Convertirnos en autómatas de un tiempo sin evocación es lo que más conviene al totalitarismo característico de nuestra época, el que nos desposee de la capacidad para desarrollar un criterio propio, nos expropia del derecho a prestar atención y nos inutiliza para poder fantasear. En lugar de abrir rendijas por las que se cuelen nuevas e inesperadas (por imaginadas) vetas de sentido, se tapia la Realidad (mediante pantallas, estímulos constantes y validaciones externas) con el imperativo de lo útil y del éxito y a través de la urgencia de lo inmediato, manipulados bajo la melosa gratificación rápida y constante.
En medio de este irrespirable paisaje, lo inefable del Misterio es considerado como una amenaza, porque pone en entredicho la Univocidad del Relato Único. Al contrario, la ensoñación es lo que nos hace y mantiene libres, lo que impide que nos arrodillemos, resignados, ante un modo restringido de decir y pensar la Realidad. Poner a resguardo nuestra capacidad evocadora y nuestra imaginación nos arma contra la clausura del Mundo Real. La ilusión es por donde se cuela lo inesperado. El iluso contiene la posibilidad para transformar lo literal.
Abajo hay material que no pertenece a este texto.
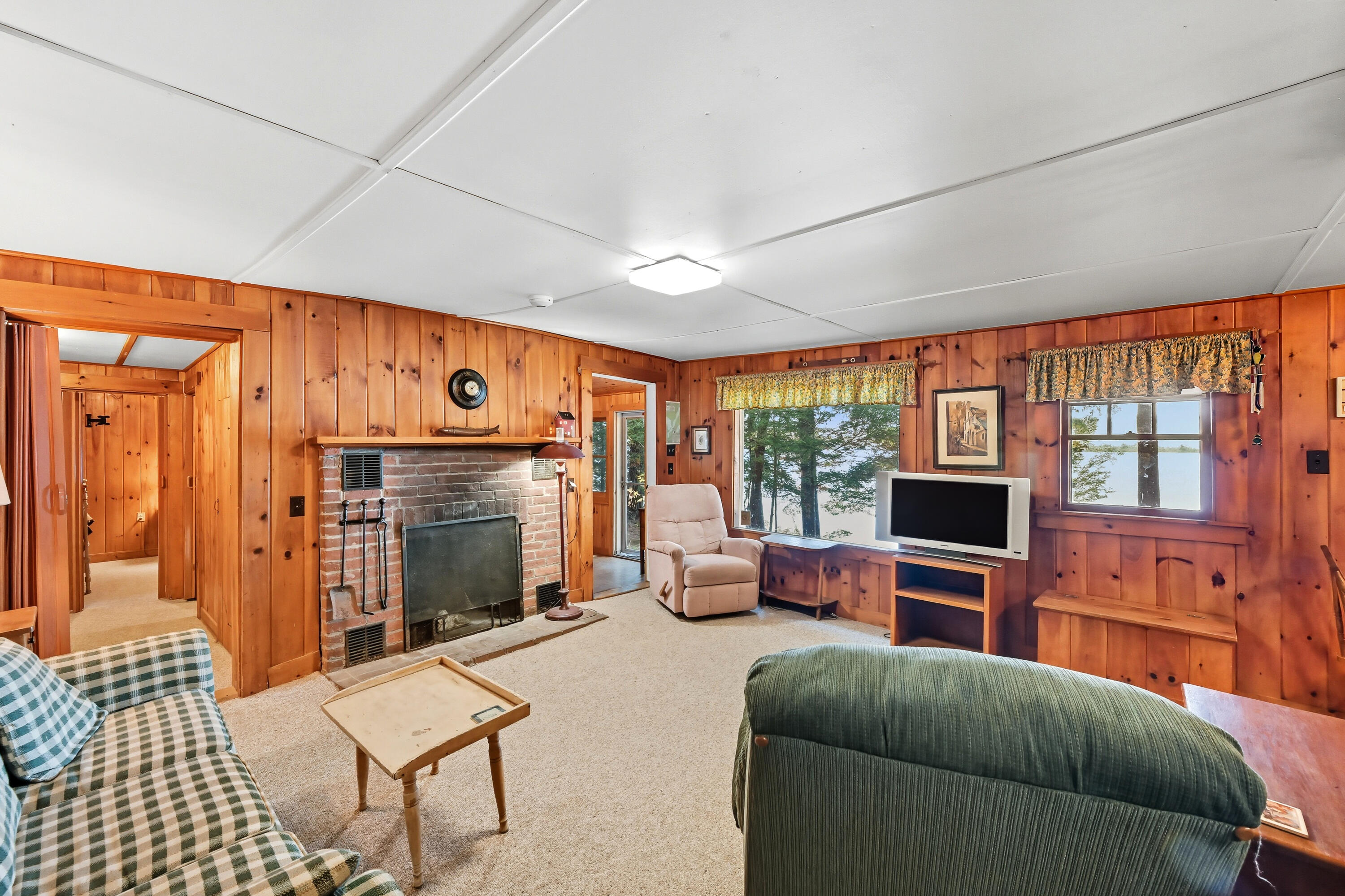 64 53rd Fire Road China ME 04358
En casas y centros educativos debemos centrar nuestro empeño en que niños, adolescentes y jóvenes puedan mantener intacto ese ahínco por imaginar. Asombrarse, soñar, fantasear o maravillarse son actos ilusoriamente subversivos en un contexto que pretende medirlo todo (el-Todo), que quiere medir y decidir al respecto de nuestros tiempos y espacios. Enseñar a soñar, a ser ilusos, es mostrar la posibilidad del no sometimiento. De no resignarse a vivir en los relatos del Otro Sistémico. Quien mantiene viva su imaginación mantiene viva su libertad.